Start early teaching children telephone etiquette. Don’t let a child pick up a phone unless he or she has a working knowledge of what to say. No one wants a frustrating conversation with a barely conversant one year old. Instead, train children who are about three to five, depending upon their speech ability, to learn how to answer a phone politely.
Answering a phone begins with a simple “Hello.” For children, basic telephone etiquette includes politely asking who the caller is. The person on the other end of the line should identify him or herself, but frequently this is not the case. Instruct the child to listen for an introduction before asking for one.
A sample of a beginning telephone etiquette approved call is the following:
At this point the child should be able to tell the parent who is calling, and not scream as loud as possible, “Hey mom, Bob Shipley is on the phone!” If for some reason the parent is occupied, changing a diaper, or in the bathroom, the child should return to the caller and state that the requested person is unavailable.
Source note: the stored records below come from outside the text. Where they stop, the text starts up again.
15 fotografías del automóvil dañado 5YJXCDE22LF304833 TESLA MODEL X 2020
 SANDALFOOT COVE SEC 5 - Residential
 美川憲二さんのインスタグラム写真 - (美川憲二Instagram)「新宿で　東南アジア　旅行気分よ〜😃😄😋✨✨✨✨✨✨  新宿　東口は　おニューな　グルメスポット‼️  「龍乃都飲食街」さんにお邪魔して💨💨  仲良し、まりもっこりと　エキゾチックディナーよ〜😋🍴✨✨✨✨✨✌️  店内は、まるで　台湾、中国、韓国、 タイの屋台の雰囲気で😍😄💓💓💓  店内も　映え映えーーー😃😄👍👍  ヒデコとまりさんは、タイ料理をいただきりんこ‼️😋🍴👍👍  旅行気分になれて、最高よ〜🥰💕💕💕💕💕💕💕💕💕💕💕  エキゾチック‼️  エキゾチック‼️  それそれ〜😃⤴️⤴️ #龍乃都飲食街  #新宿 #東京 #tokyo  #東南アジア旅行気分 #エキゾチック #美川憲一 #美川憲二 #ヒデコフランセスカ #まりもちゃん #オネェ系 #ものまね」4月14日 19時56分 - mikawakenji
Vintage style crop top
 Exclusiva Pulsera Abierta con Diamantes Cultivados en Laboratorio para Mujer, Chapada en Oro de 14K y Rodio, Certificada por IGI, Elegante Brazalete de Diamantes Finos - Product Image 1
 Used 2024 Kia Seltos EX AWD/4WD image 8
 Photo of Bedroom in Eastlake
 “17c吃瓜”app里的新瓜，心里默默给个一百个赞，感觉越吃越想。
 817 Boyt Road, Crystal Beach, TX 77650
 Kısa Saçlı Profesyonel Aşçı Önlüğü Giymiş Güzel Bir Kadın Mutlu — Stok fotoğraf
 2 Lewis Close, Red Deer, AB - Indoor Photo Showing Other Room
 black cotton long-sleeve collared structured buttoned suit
At this point the child should take a number or message. The child should not disclose the requested person’s actions, such as “She’s in the bathroom.” He or she should merely state the parent cannot come to the phone and will call back quite soon.
Teaching this basic telephone etiquette to young children can result in lifelong mannerly habits toward callers. The next telephone etiquette rule is to make timely callbacks. If a child has vouched for a parent calling back quickly, the parent should do just that, unless an emergency arises.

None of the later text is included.